The answer to that question – and the answer is entirely up to you – is the critical ingredient when it comes to knowing how much is needed to retire. No one can tell you what sort of lifestyle you want to lead. That is inevitably your personal decision. Some people are happy with a paid for house and $2,000 a month to spend. Others insist that $100,000 a year is what they really want. You must decide what's right for you.
Once you have done that, a ballpark estimate for how big your portfolio needs to be isn't too hard. First, if the estimate you have made is after tax spending, you need to bump it up a little to get back to pre-tax figures. Adding 25% is roughly right; you can refine your estimate by using the tax estimators in the previous message.
Now deduct what pensions you will receive in retirement, because your portfolio won't have to produce that income.
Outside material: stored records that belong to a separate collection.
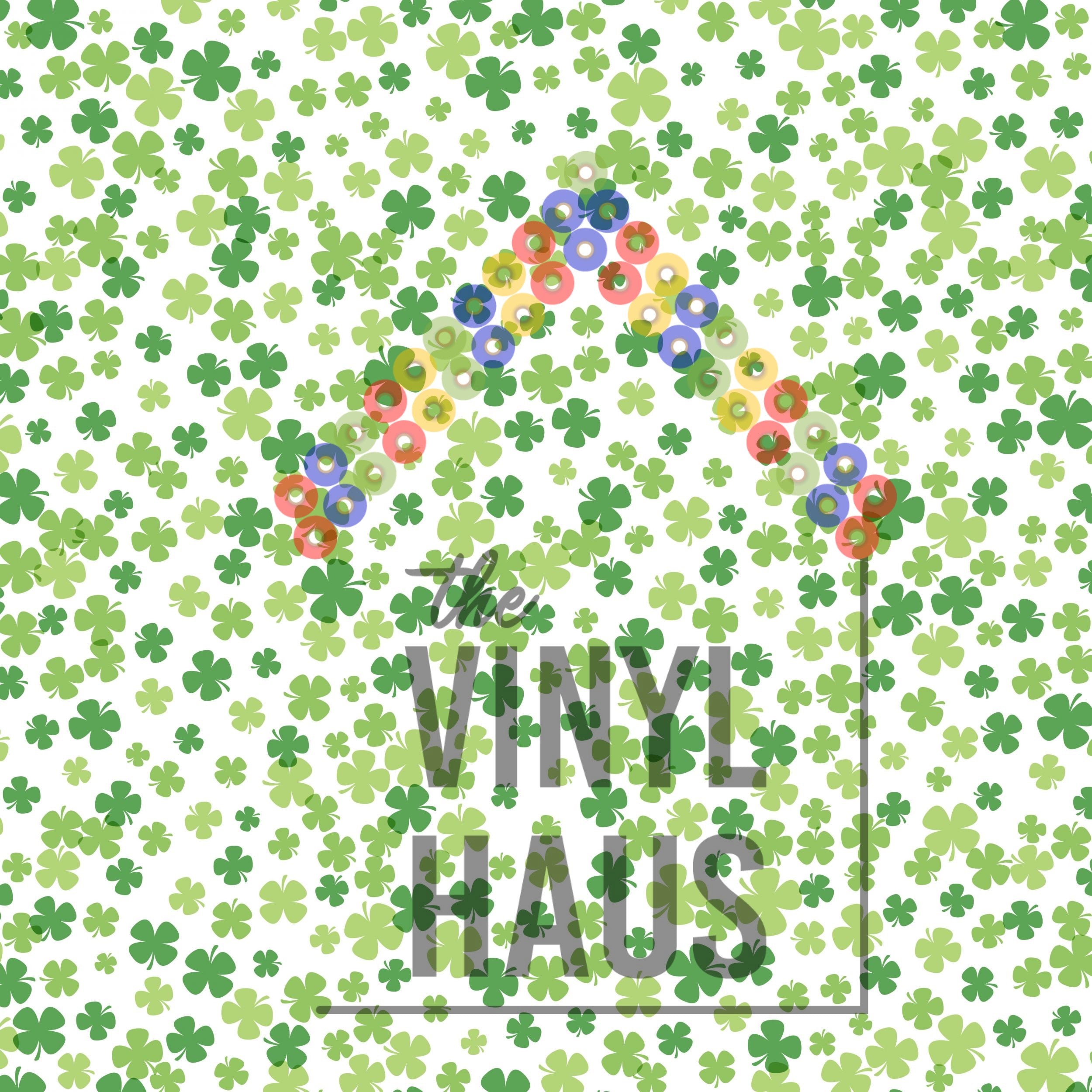 Small Shamrock Pattern Vinyl 12" x 12" - The Vinyl Haus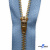 Молнии джинсовые металл т-5, 18 см латунь (YG), цв.-деним (231) - купить в Калининграде. Цена: 22.80 руб.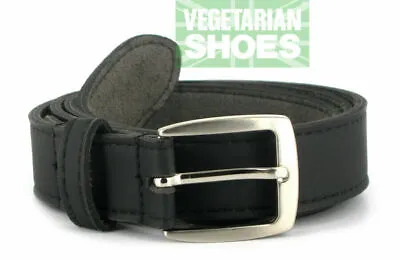 Vegetarian Shoes Town Belt Black - Vegan Belt Ships From USA - Made In UK - Gift • $39.99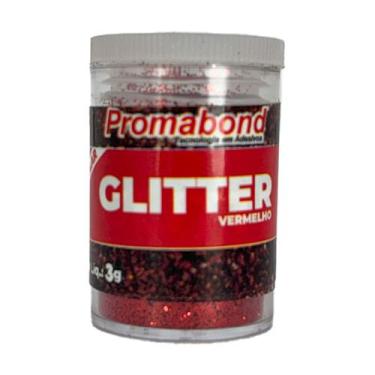 Imagem de Glitter Escolar Brilhante Cores Vibrantes Vermelho - Promabond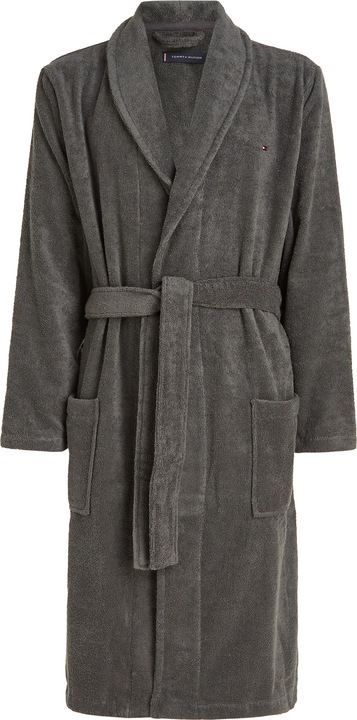 Actual product image Tommy Hilfiger Bathrobe "Icon" Anthracite (S)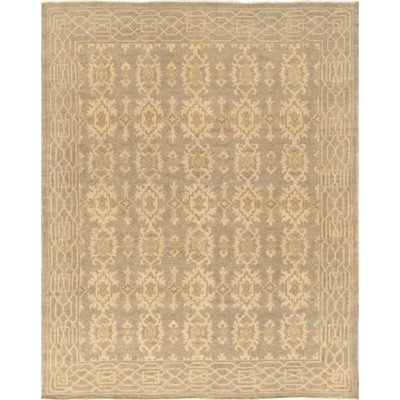 Croydon Geometric Area Rug in Light Gray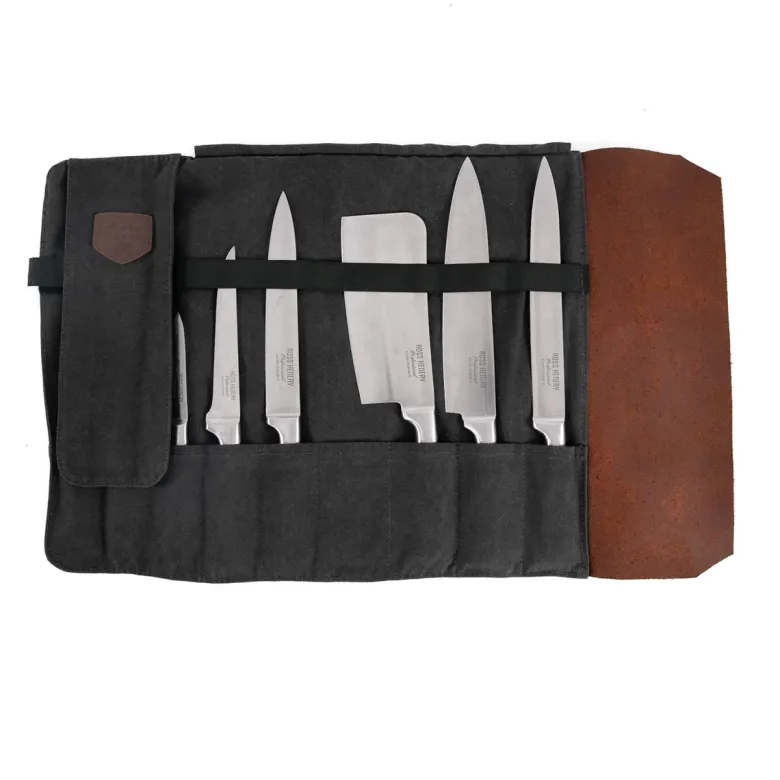 Trousse à couteaux chef charbon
The historical evidence is that you can take roughly 4% from the starting value of an investment portfolio, raising it each year by the inflation rate, without running into disaster. If your portfolio will need to support you for a period longer than 30 years, e.g. because you are an early retiree, then shave a little from the 4%, say 3.3% instead. History is not a perfect guide to the future, but barring nuclear war, natural disasters, or complete economic collapse, 3.3-4% should be your guide. That gives a convenient way of estimating the total funds required as 25-30 times what the portfolio needs to produce each year.
A simple example: The 63 year old Mr. Magoo wants $40,000 per year after taxes to spend in retirement. Before tax, it's about $50,000. CPP will pay $6,000, OAS $5,000, and his company pension $11,000 per year. His portfolio needs to generate $28,000 per year in retirement. At a 4% withdrawal rate, his portfolio should be worth at least $700,000.
Consider annuities if any of the following are a concern
- You and/or your spouse are relatively healthy and are likely to live longer than average.
- Maximizing your income in retirement is more important than leaving an estate.
- You want a guaranteed monthly income stream regardless of how long you live.
The first two-thirds of How to Completely Avoid Outliving Your Money
provides a good introduction to annuities.
Since their purchase is irreversible, always seek professional advice before you purchase an annuity.